• **Exercise requirements**
With the pictures left aside, write out exactly the lines of the listing below from the line with "Nature Style Field Flowers Ceramic Tile" to the line with "Girly Ankle Length Socks - 5 Pairs", both included, and only those.

• **Working data**
**********
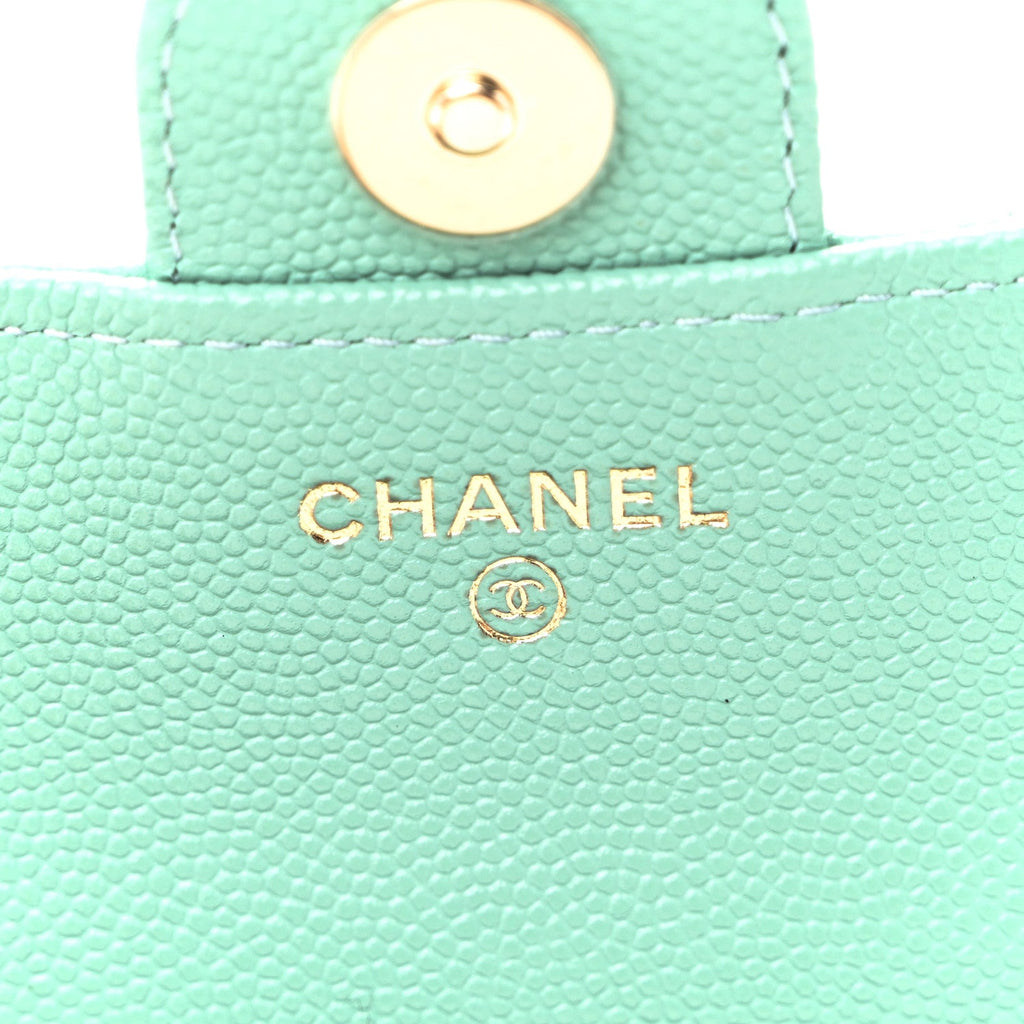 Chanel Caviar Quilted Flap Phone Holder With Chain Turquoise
**********
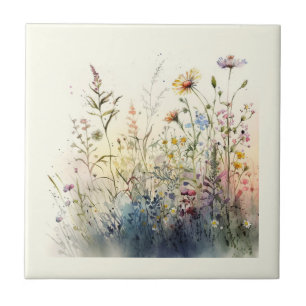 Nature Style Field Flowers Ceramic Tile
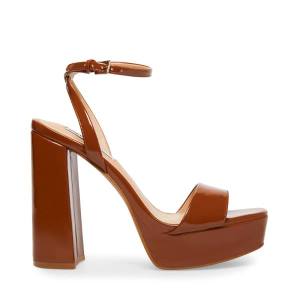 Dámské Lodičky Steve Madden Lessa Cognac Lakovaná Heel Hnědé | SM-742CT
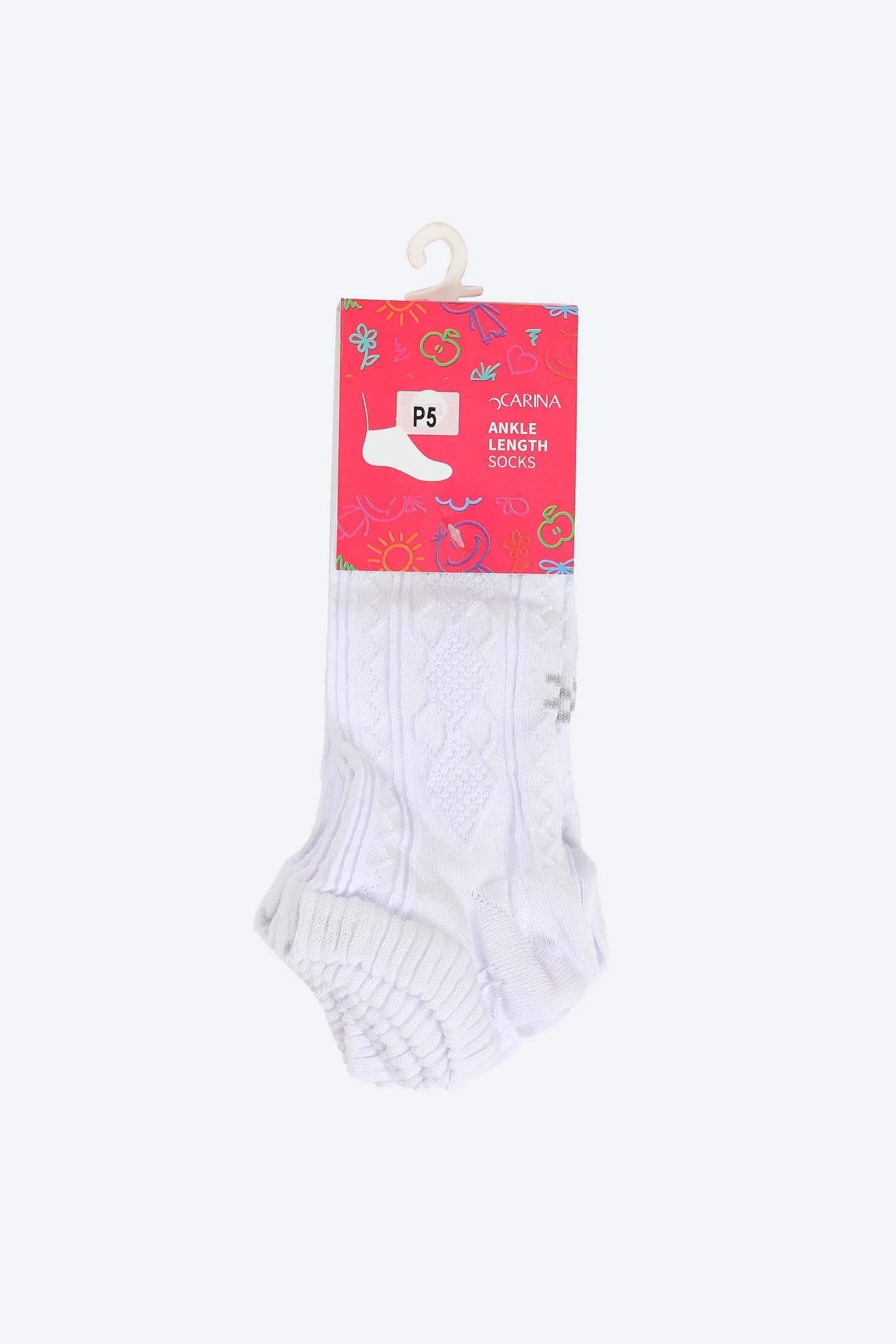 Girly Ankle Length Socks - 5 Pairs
**********
• **Output**
 Nature Style Field Flowers Ceramic Tile
 Dámské Lodičky Steve Madden Lessa Cognac Lakovaná Heel Hnědé | SM-742CT
 Girly Ankle Length Socks - 5 Pairs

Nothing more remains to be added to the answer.